OPINION FILED JUNE 21, 1968.
THE PEOPLE OF THE STATE OF ILLINOIS, APPELLEE,
EDWARD AND WILLIAM SMITH, APPELLANTS.
APPEAL from the Circuit Court of Cook County; the Hon. F.
EMMETT MORRISSEY, Judge, presiding.
MR. JUSTICE HOUSE DELIVERED THE OPINION OF THE COURT:
Edward Smith and William Smith, defendants, were convicted by a jury in the circuit court of Cook County of unlawful sale of narcotic drugs. On appeal both convictions were affirmed by the Appellate Court. (52 Ill. App.2d 321.) Subsequently defendants filed separate, but virtually identical, petitions under the Post-Conviction Hearing Act. (Ill. Rev.
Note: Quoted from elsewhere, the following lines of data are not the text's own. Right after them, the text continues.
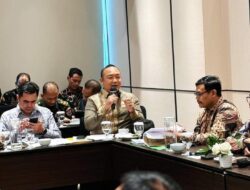 Rapat Pembahasan Penyelesaian Batas Kalbar-Kalteng Berlanjut Di Jakarta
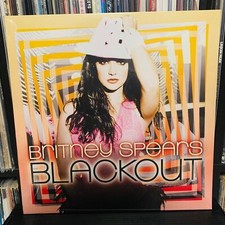 Blackout by Spears, Britney (Record, 2023) for sale online | eBay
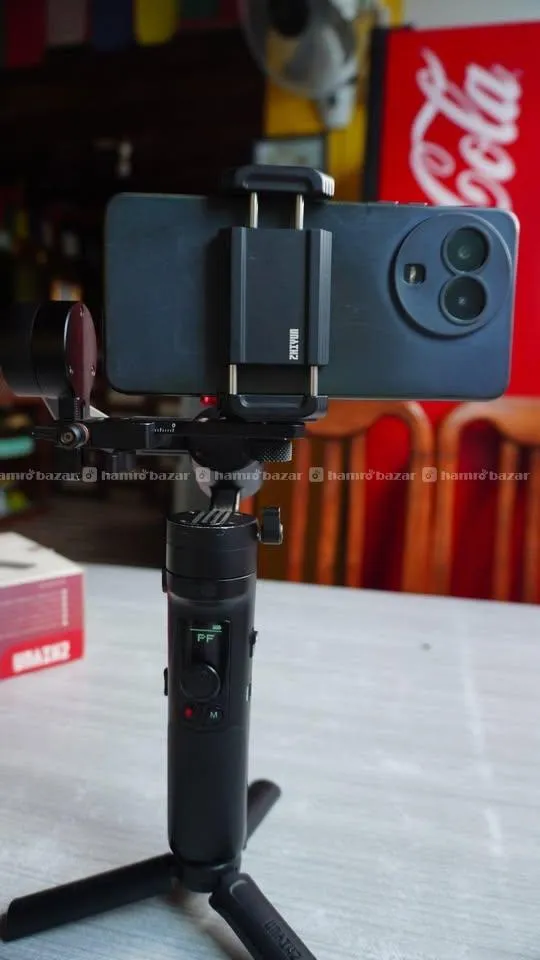 Zhiyun Crane M2 camera mobile gimbal 2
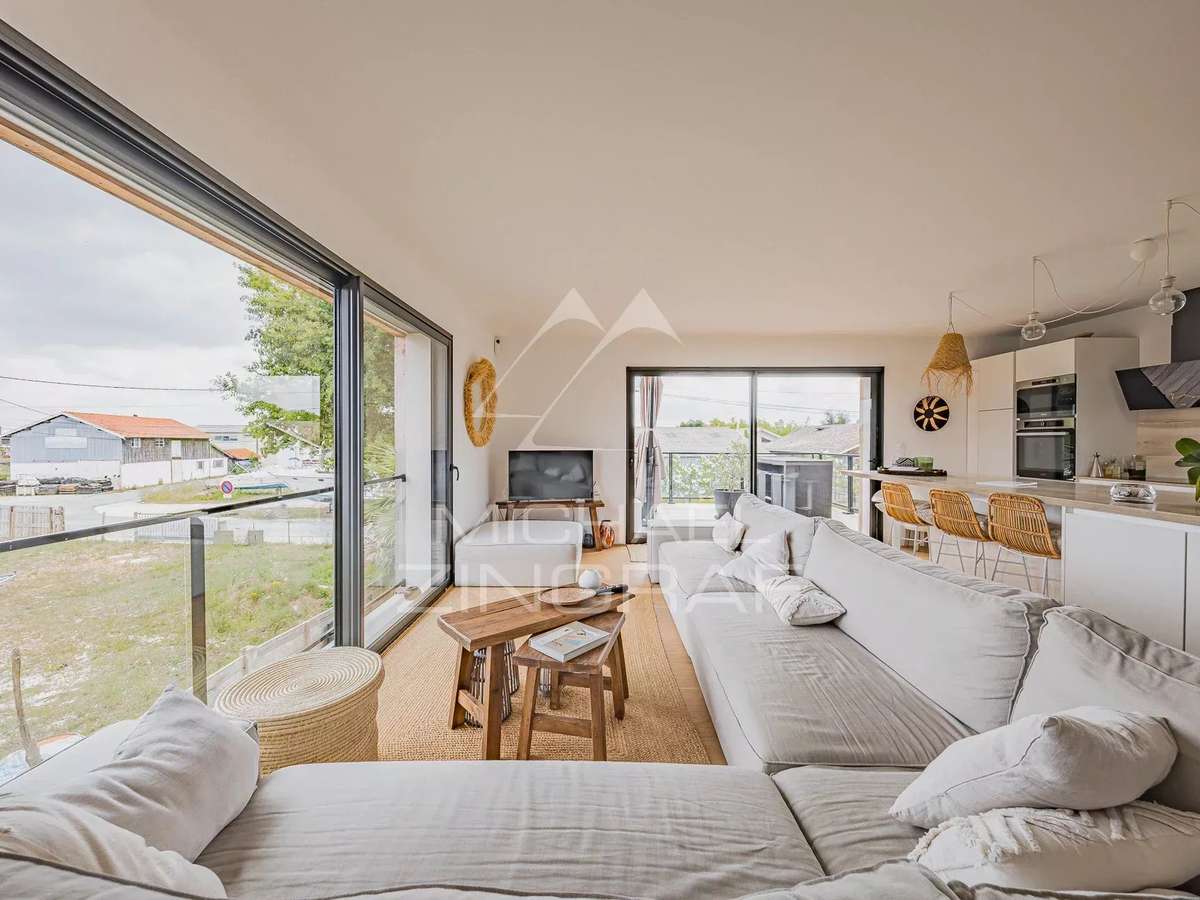 House Gujan-Mestras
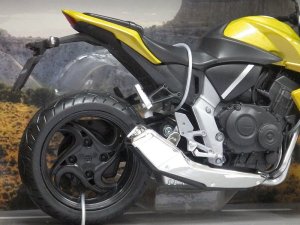 画像4: AOSHIMA HONDA CB1000R YELLOW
Stat. 1967, chap. 38, par. 122-1 through 122-7.) On motion of the State both petitions were dismissed and defendants appealed the order of dismissal directly to this court. The causes are consolidated here.
Defendants' only argument in their original brief was that the court erred in dismissing their petitions on the ground of res judicata. After oral argument we granted leave to file supplemental briefs directed to the merits of the cause. Four points are made in the supplemental brief which allege violations of their constitutional rights. These are that the State knowingly used perjured testimony, that evidence favorable to defendants was suppressed by the State, that a fair trial was denied, and that total lack of evidence failed to sustain the conviction of William Smith.
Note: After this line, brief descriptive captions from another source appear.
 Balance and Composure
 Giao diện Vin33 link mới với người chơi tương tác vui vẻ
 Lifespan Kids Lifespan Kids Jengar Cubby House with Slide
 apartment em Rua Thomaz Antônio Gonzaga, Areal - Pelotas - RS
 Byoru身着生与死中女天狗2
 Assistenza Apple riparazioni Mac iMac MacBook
The State argues that dismissal of the petition was proper for the reason that no constitutional questions within the meaning of the Post-Conviction Hearing Act were raised, that the matters raised were res judicata, and that the petitions contained only unsupported assertions and conclusions which were insufficient to require a hearing.
It is not clear whether the trial court dismissed the petitions solely on the basis of res judicata or for additional reasons. At the hearing on the motions to dismiss both the State and defense counsel discussed and argued the points raised in the petitions. The question before us is the correctness of the result reached by the trial court and not the correctness of the reasoning by which that result was reached. People v. York, 29 Ill.2d 68.
In examining the petitions and considering the arguments in support thereof, it is apparent that defendants could have raised the questions of suppression of evidence, that a fair trial was denied, and that a total lack of evidence failed to sustain the conviction of William Smith in their original appeal to the Appellate Court. The facts set forth and the alleged trial court errors argued by defendants as supporting these contentions were such that they were known to them at the time of appeal, and they are wholly insufficient to show a substantial denial of constitutional rights.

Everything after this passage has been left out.